Last night I went to the Night of the Living Wedge Halloween Pub Crawl with a single question. Of what place, district, street, city, part of city or scene is the South Wedge like? As the event was packed with revelers dressed from Mad Max men and women to a rabbi and a giant human fish, I had a colorful, captive and captivating focus group with which to work.
The event was organized by the Business Association of South Wedge (BASWA). Volunteer Shannon Davis, a Caverly’s Irish Pub bartender, shepherded crawlers along the way and took the photos.
Inquiring from Swiftwater, Solera Wine Bar, LUX, Beale Street, Tap & Mallet, ButaPub, ORBS and Caverly’s Irish Pub, the answers were varied and unexpected, ranging from the Pacific Northwest to South Africa.
The first response was Ballard, a Seattle neighborhood. Not quite in the old Grunge District, Downtown Ballard still contains the spirit of Kurt Cobain. A progressive, coffee house and music atmosphere the respondent feels also in the Wedge.
One bearded gentleman said downtown Jamestown, NY because both are “wild.” Looking like he had survived the 60s and 70s barely, I sensed his answer was founded on deep experience. I picture haunts like Lux in off-the-grid Jamestown where weird and wild things happen.
A strong case was made for old Louisville, Kentucky and its “piss bars” and funky music scene. Beer not bourbon. He kept pronouncing it “Loo-uh-vuhl” or was it “Loo-a-vul?” Definitely not my Yankee “Loo-ee-ville.”
The south side of Pittsburgh received three votes. A mixture of August Wilson’s old Pittsburgh Hill District and the vibrancy of Carnegie Mellon and Duquesne.
Several Buffalonians said Allen Street or Allen Town. Better clarified: East/Alexander is Chippewa St. in Buffalo, while the much cooler Allen is the Wedge.
Beale Street in Memphis was chosen, fittingly given the 4th stop on the crawl.
Sixth Street in Austin drew strong support.

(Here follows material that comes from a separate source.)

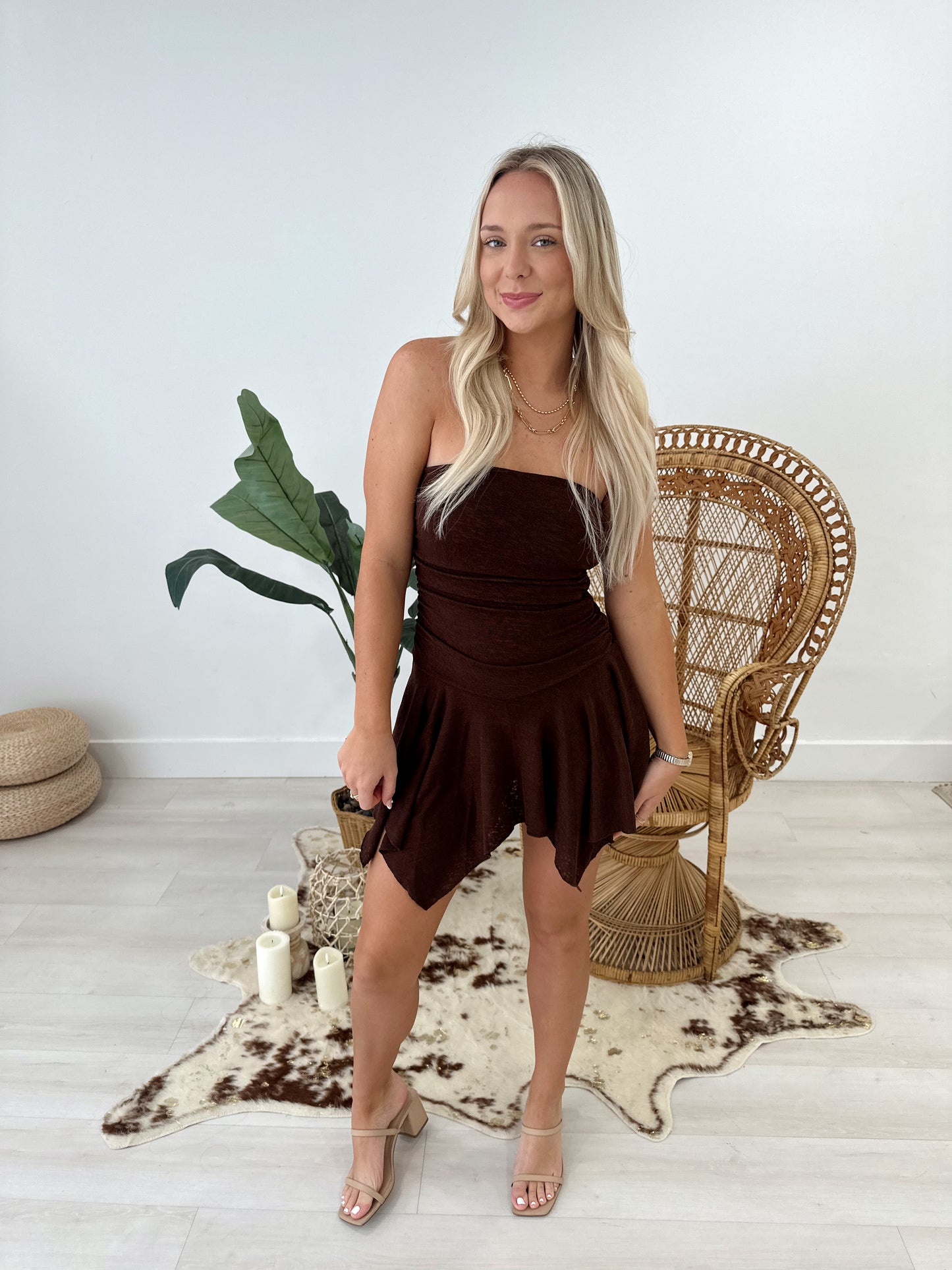 Bronze Bloom Mini Dress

I only wish we were Sixth Street in Austin.
Burlington, Vermont with its emphasis on quirky locally owned businesses and progressive politics was paralleled. Any town that elects Bernie Sanders as its Mayor is ok with me.
The Ithaca Commons made sense. A strong University presence mixed in with southern Tier artists who left NYC.
Rockville, Maryland Town Center was unexpected. I always thought suburban Maryland was uninspiring. But was convinced Rockville–nowhere near as pretentious as Foggy Bottom across the Potomac–shares the eclecticism of the Wedge.
The Wedge has some of the urban feel of Staten Island, NY .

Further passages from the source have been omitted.